[[ Dataset excerpt, beginning ]]

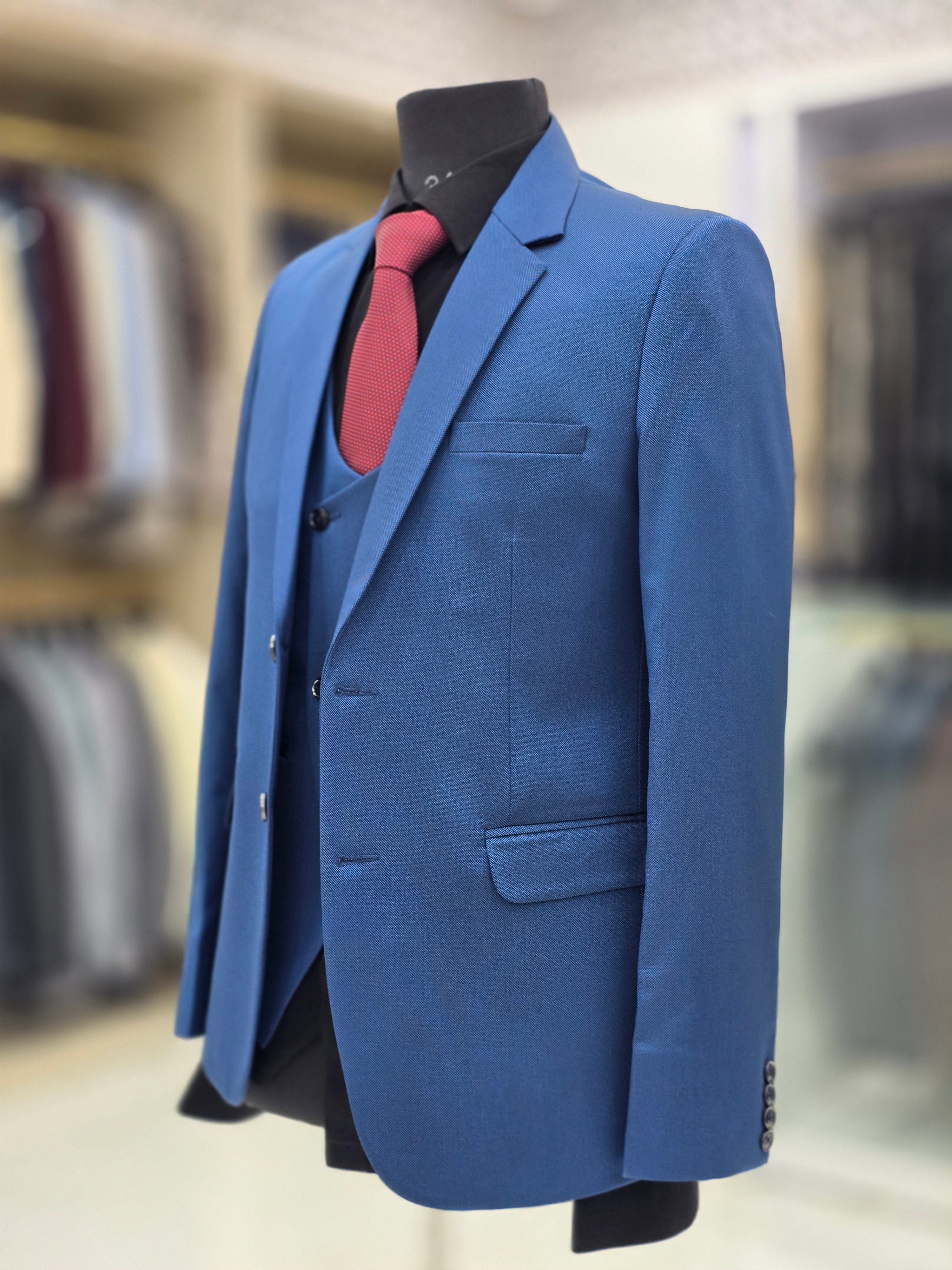 Vibrant royal blue colour formal three piece suit with pants blazer and waistcoat
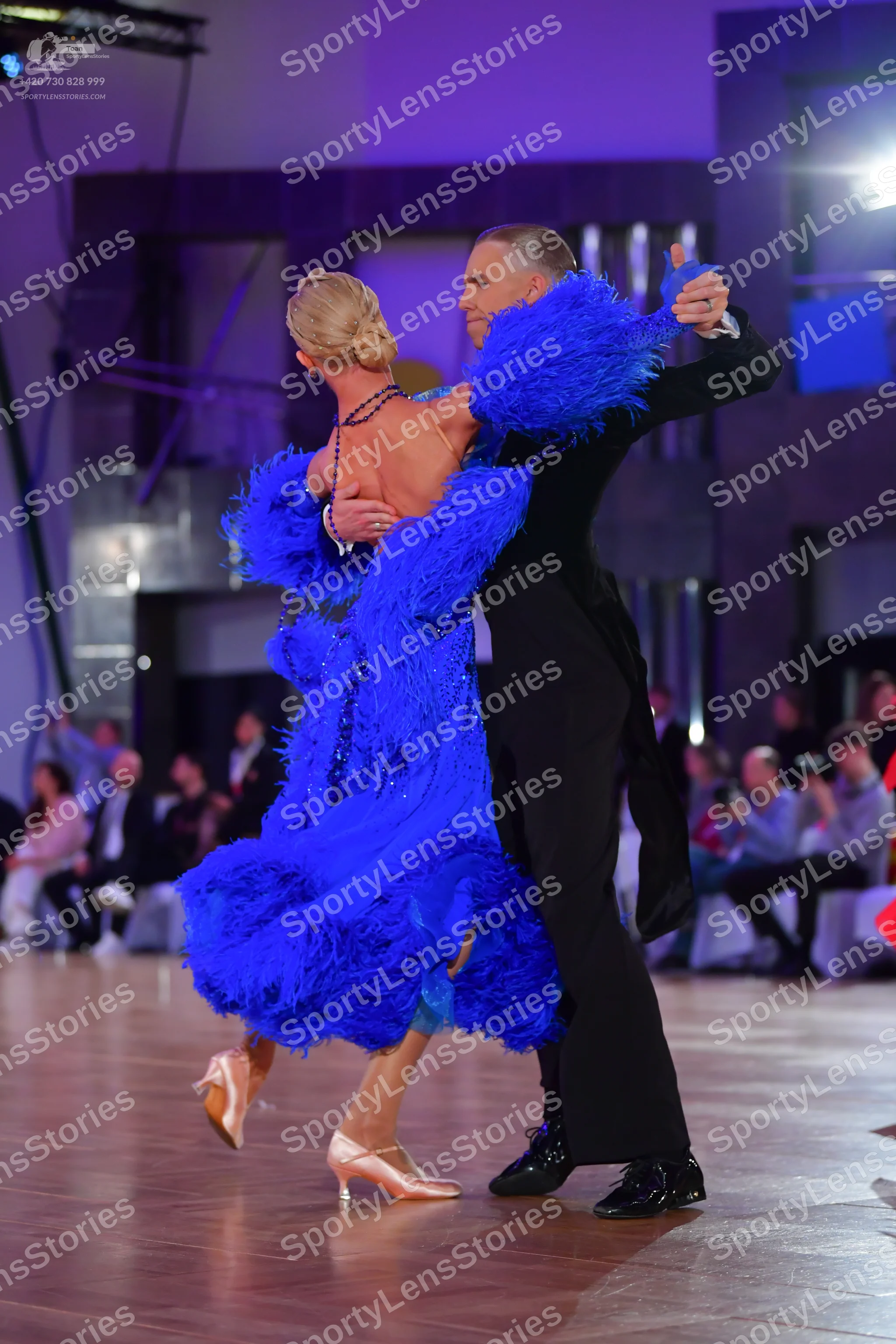 Dancesport competitor: Female dancer: bright blue feathered latin dress with a long dark beaded necklac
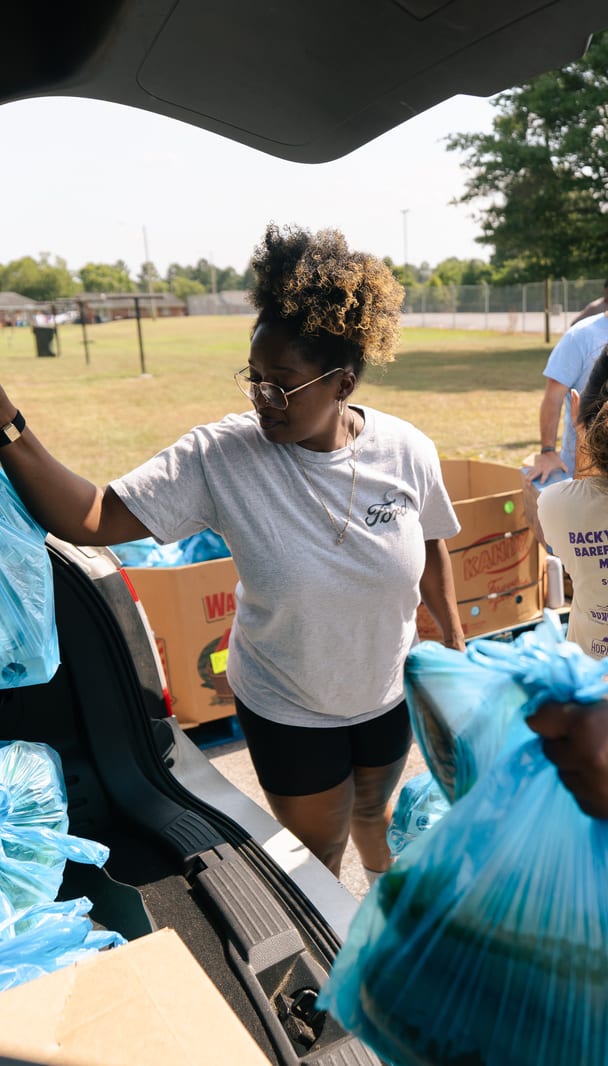 A volunteer passing bags from the back of a car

[[ Dataset excerpt, end ]]

Transcribe the listing verbatim, pictures excluded.

 Vibrant royal blue colour formal three piece suit with pants blazer and waistcoat
 Dancesport competitor: Female dancer: bright blue feathered latin dress with a long dark beaded necklac
 A volunteer passing bags from the back of a car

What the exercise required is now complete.